§ What you should do: Keep every word the same. Repeat the records without their images.

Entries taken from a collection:
*-*-*
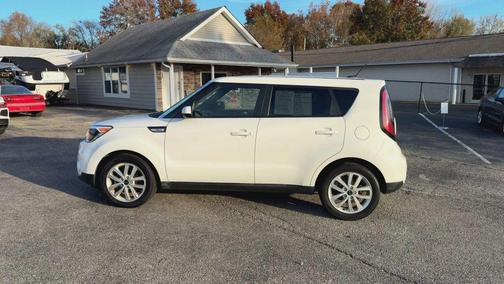 2017 Kia Soul +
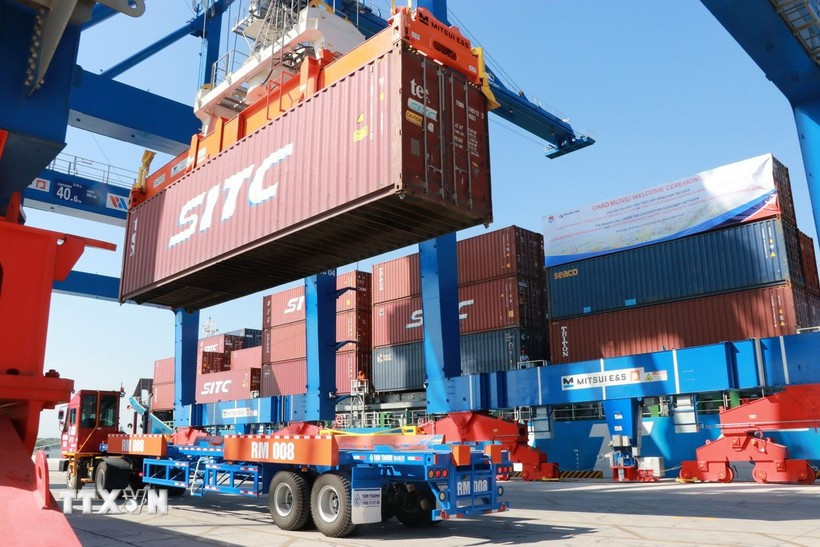 At Phuoc An port in Dong Nai province (Photo: VNA)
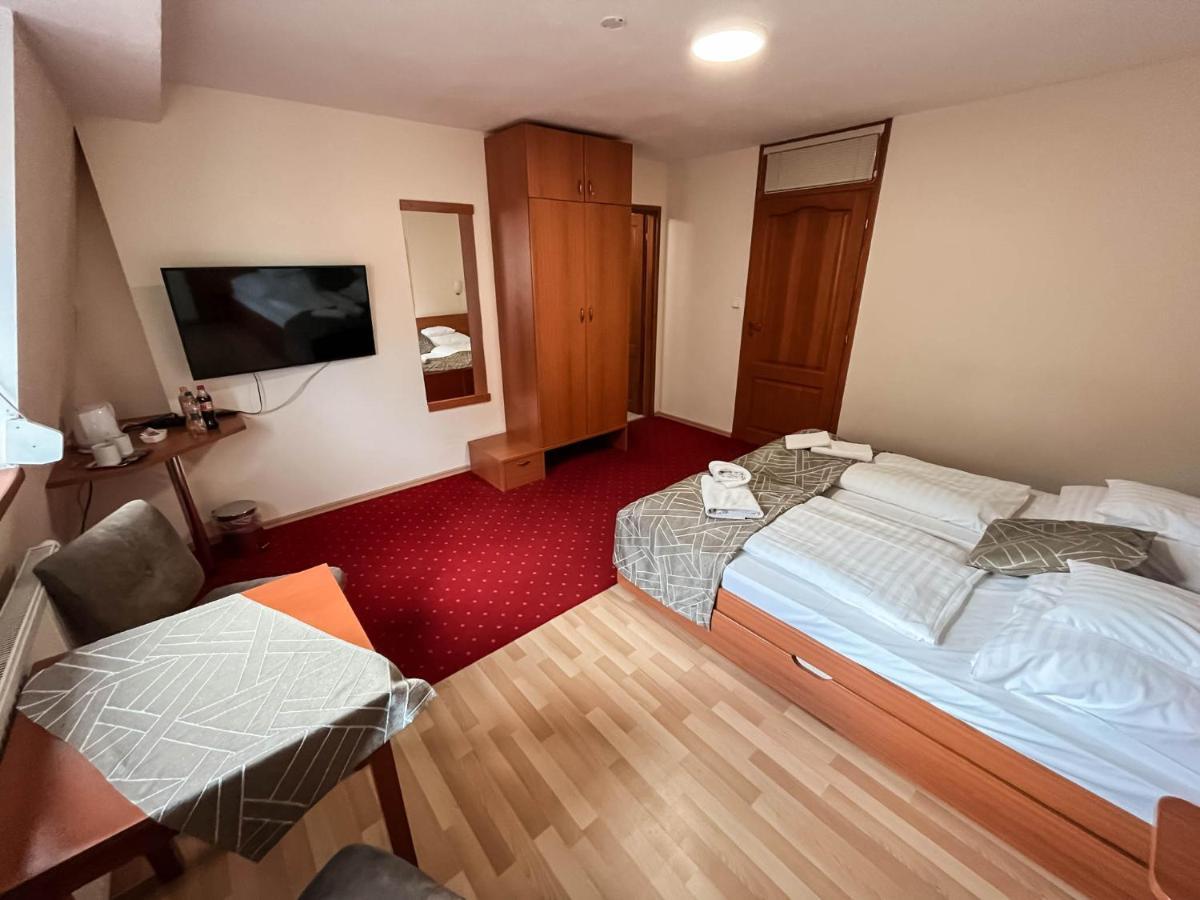 Penzion Tavel Prešov Exteriör bild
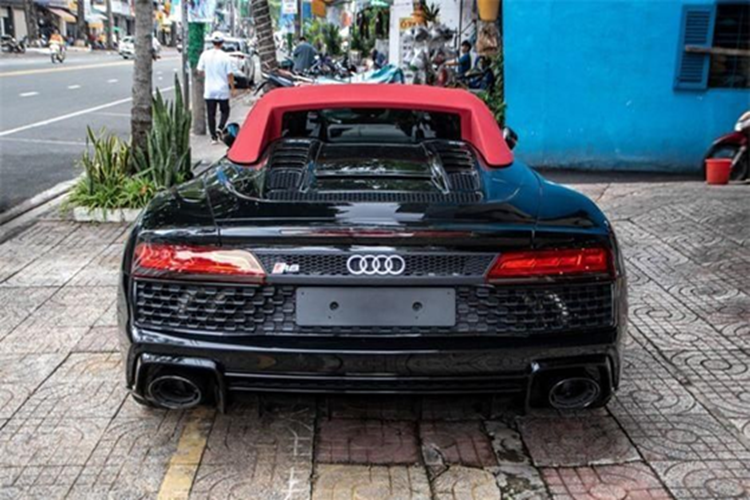 Siêu xe mui trần Audi R8 V10 Spyder Type 4S bản nâng cấp giữa vòng đời mang biển số tứ quý 8 của doanh nhân Sài thành được trang bị khối động cơ V10, dung tích 5.2 lít, sản sinh ra công suất tối đa 602 mã lực và mô-men xoắn cực đại là 559 Nm.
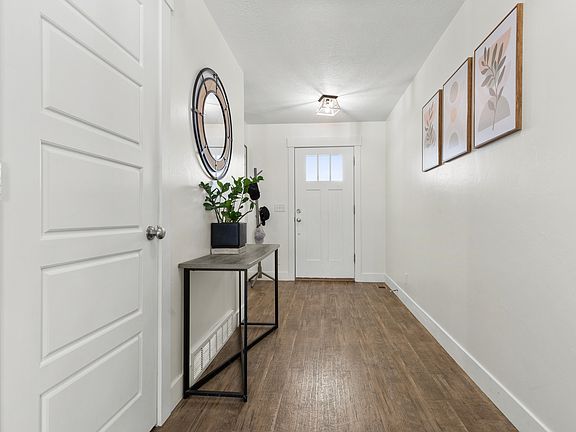 4th image of 886 S Cambridge Cir E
*-*-*
§ Expected output:
 2017 Kia Soul +
 At Phuoc An port in Dong Nai province (Photo: VNA)
 Penzion Tavel Prešov Exteriör bild
 Siêu xe mui trần Audi R8 V10 Spyder Type 4S bản nâng cấp giữa vòng đời mang biển số tứ quý 8 của doanh nhân Sài thành được trang bị khối động cơ V10, dung tích 5.2 lít, sản sinh ra công suất tối đa 602 mã lực và mô-men xoắn cực đại là 559 Nm.
 4th image of 886 S Cambridge Cir E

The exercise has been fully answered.